MASTER CHEESE'S FRIGHT—OTHER FRIGHTS

Strange rumours began to be rife in Deerham. The extraordinary news told by Dan Duff would have been ascribed to some peculiar hallucination of that gentleman's brain, and there's no knowing but that the furnace might have been tried as a cure, had not other testimony arisen to corroborate it. Four or five different people, in the course of as many days—or rather nights—saw, or professed to have seen, the apparition of Frederick Massingbird.

One of them was Master Cheese. He was one night coming home from paying a professional visit—in slight, straightforward cases Jan could trust him—when he saw by the roadside what appeared to be a man standing up under the hedge, as if he had taken his station there to look at the passers-by.

"He's up to no good," quoth Master Cheese to himself. "I'll go and dislodge the fellow."

Accordingly Master Cheese turned off the path where he was walking, and crossed the waste bit—only a yard or two in breadth—that ran by the side of the road. Master Cheese, it must be confessed, did not want for bravery; he had a great deal rather face danger of any kind than hard work; and the rumour about Fred Massingbird's ghost had been rare nuts for him to crack. Up he went, having no thought in his head at that moment of ghosts, but rather of poachers.

"I say, you fellow—" he was beginning, and there he stopped dead.

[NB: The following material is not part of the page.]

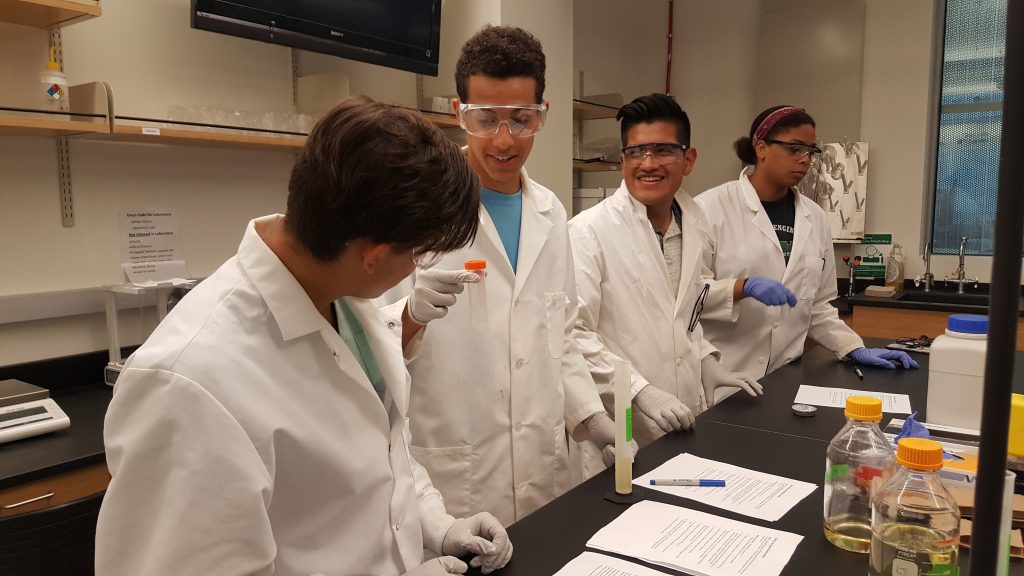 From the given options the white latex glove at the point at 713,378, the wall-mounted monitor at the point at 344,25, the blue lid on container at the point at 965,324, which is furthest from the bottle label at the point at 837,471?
the wall-mounted monitor at the point at 344,25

He stopped dead, both in step and tongue. The figure, never moving, never giving the faintest indication that it was alive, stood there like a statue. Master Cheese looked in its face, and saw the face of the late Frederick Massingbird.

It is not pleasant to come across a dead man at moonlight—a man whose body has been safely reposing in the ground ever so long ago. Master Cheese did not howl as Dan Duff had done. He set off down the road—he was too fat to propel himself over or through the hedge, though that was the nearest way—he took to his heels down the road, and arrived in an incredibly short space of time at home, bursting into the surgery and astonishing Jan and the surgery boy.

"I say, Jan, though, haven't I had a fright?"

Jan, at the moment, was searching in the prescription-book. He raised his eyes, and looked over the counter. Master Cheese's face had turned white, and drops of wet were pouring off it—in spite of his bravery.

"What have you been at?" asked Jan.

"I saw the thing they are talking about, Jan. It is Fred Massingbird's."

Jan grinned. That Master Cheese's fright was genuine, there could be no mistaking, and it amused Jan excessively.

"What had you been taking?" asked he, in his incredulity.

"I had taken nothing," retorted Master Cheese, who did not like the ridicule. "I had not had the opportunity of taking anything—unless it was your medicine. Catch me tapping that! Look here, Jan. I was coming by Crow Corner, when I saw a something standing back in the hedge. I thought it was some poaching fellow hiding there, and went up to dislodge him. Didn't I wish myself up in the skies? It was the face of Fred Massingbird."

"The face of your fancy," slightingly returned Jan.

"I swear it was, then! There! There's no mistaking him. The hedgehog on his cheek looked larger and blacker than ever."

Master Cheese did not fail to talk of this abroad; the surgery boy, Bob, who had listened with open ears, did not fail to talk of it, and it spread throughout Deerham; additional testimony to that already accumulated. In a few days' time, the commotion was at its height; nearly the only persons who remained in ignorance of the reported facts being the master and mistress of Verner's Pride, and those connected with them, relatives on either side.

That some great internal storm of superstition was shaking Deerham, Lionel knew. In his happy ignorance, he attributed it to the rumour which had first been circulated, touching Rachel's ghost. He was an ear-witness to an angry colloquy at home. Some indispensable trifle for his wife's toilette was required suddenly from Deerham one evening, and Mademoiselle Benoite ordered that it should be sent for. But not one of the maids would go. The Frenchwoman insisted, and there ensued a stormy war. The girls, one and all, declared they'd rather give up their service, than go abroad after nightfall.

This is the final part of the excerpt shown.